Today marks the 50th anniversary of the first electronic message sent over ARPANET, the U.S. Defense Department computer network that served as the precursor to the Internet. To mark the occasion, the founder and inventor of the World Wide Web, Tim Berners-Lee, has renewed his call for a new Contract for the Web, a guiding set of principles intended to “protect the web as a force for good.”
In a statement released by the Web Foundation, Berners-Lee notes that the web’s birthday “is not altogether a happy one,” adding that its power for good is being subverted by “scammers, people spreading hatred or vested interests threatening democracy.” The anniversary, he said, “must mark the moment we take on the fight for the web we want.”
The Contract for the Web sets out principles for governments, companies and citizens to “protect the open web as a public good and a basic right for everyone.” Governments and companies pledge to maintain connectivity and respect citizens’ privacy and personal data on the Internet, while citizens commit to being creators and collaborators and building strong communities where people “feel safe and welcome online.”
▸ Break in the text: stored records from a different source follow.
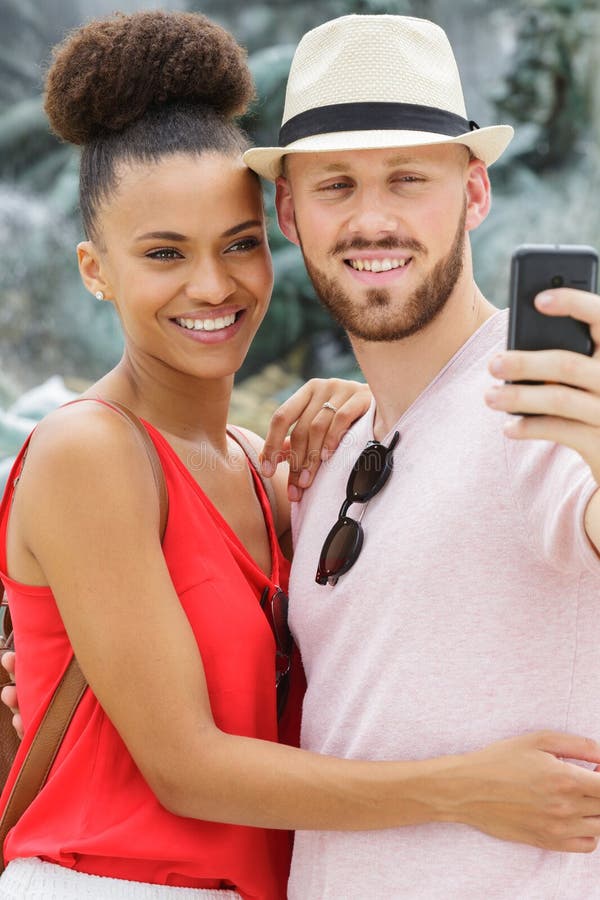 Funny Curly Male Youngster and His Girlfriend Pose for Making Selfie  Portrait Against Blurred Nature Background, Have Positive Exp Stock Image -  Image of girlfriend, relaxation: 128075067
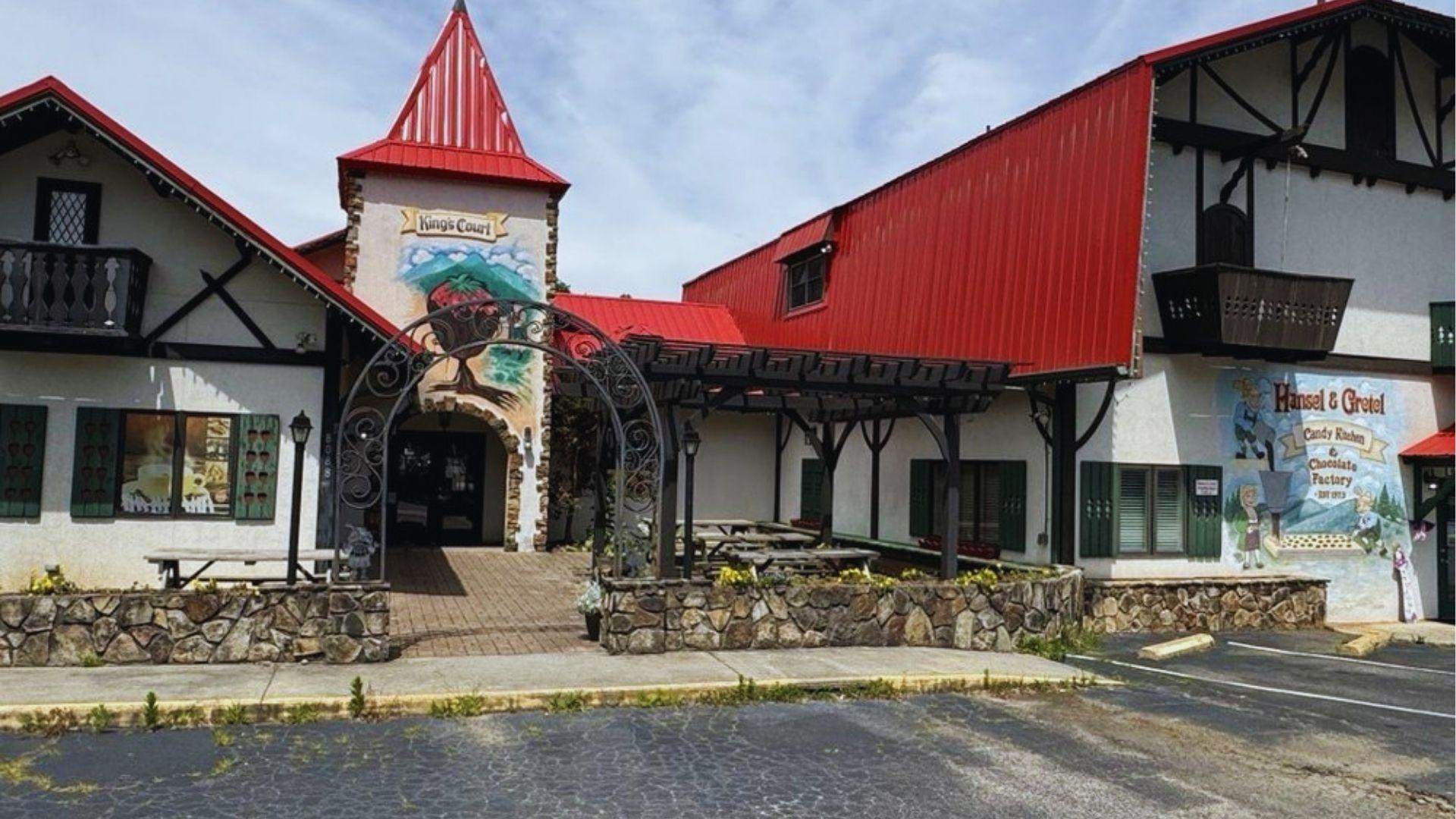 Bavarian-style building with red roof housing Hansel and Gretel candy kitchen and chocolate factory shop.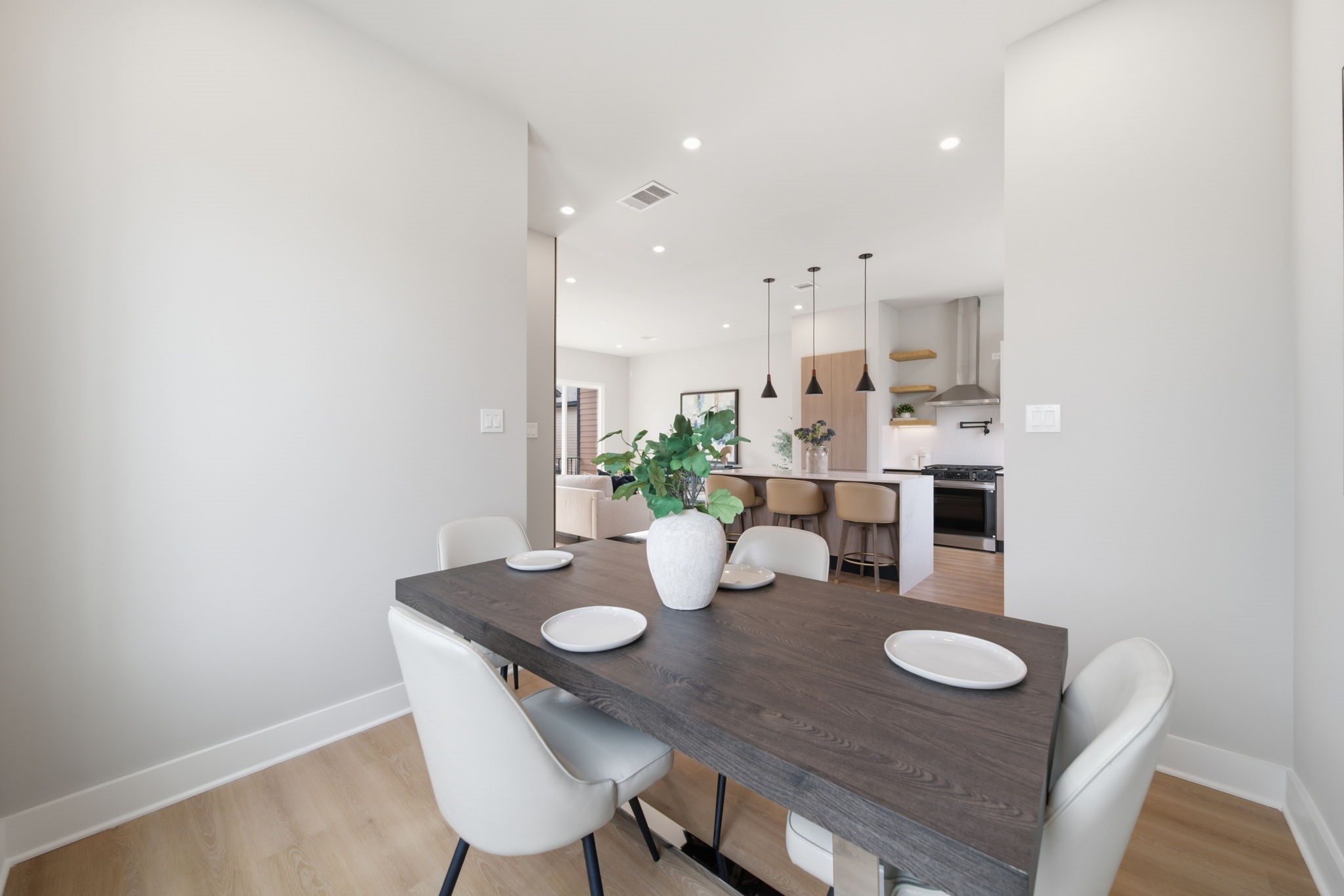 Open placement beside the kitchen creates an easy flow between cooking, dining, and gathering spaces.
A first draft of the principles was published in July this year; the full version is set to publish in a month’s time, according to Berners-Lee’s announcement.
Decentralizing data
Berners-Lee isn’t limiting himself to proclamations; since 2015, he’s been working on an open-source decentralized web platform called Solid, which has the lofty mission “to reshape the web as we know it.” The Solid model sees users storing their personal data in a “personal online data store” (POD) on a Solid server, providing permissioned access to companies and services, with the aim of “[restoring] rightful ownership of data back to every web user.”
Together with cybersecurity entrepreneur John Bruce, Berners-Lee has founded Inrupt, a start-up to foster development on the Solid platform, initially by hosting PODs. Ultimately, the aim is to circumvent the data silos held by the likes of Google and Facebook in favor of PODs, with apps afforded different levels of permissioned access to personal data. This, Inrupt claims, would enable apps to “talk to each other” using “universal data.”
LO and behold
That first message sent by researchers over ARPANET turned out to be unintentionally portentous; halfway through an attempt to transmit the command “LOGIN” from a workstation in UCLA’s Boelter Hall to a terminal in Stanford Research Institute, the system crashed, with only the first two letters—”LO”—being sent.
“It was inadvertent, but it turned out to be prophetic and powerful that the first message we delivered was ‘LO,’ as in ‘lo and behold,’” said UCLA computer science professor Leonard Kleinrock, whose team (eventually) managed to send the message.
Tim Berners-Lee’s plan to create a new Contract for the Web—and a new decentralized infrastructure for it—is certainly bold. But with powerful entrenched interests opposing it, it may yet be similarly cut short.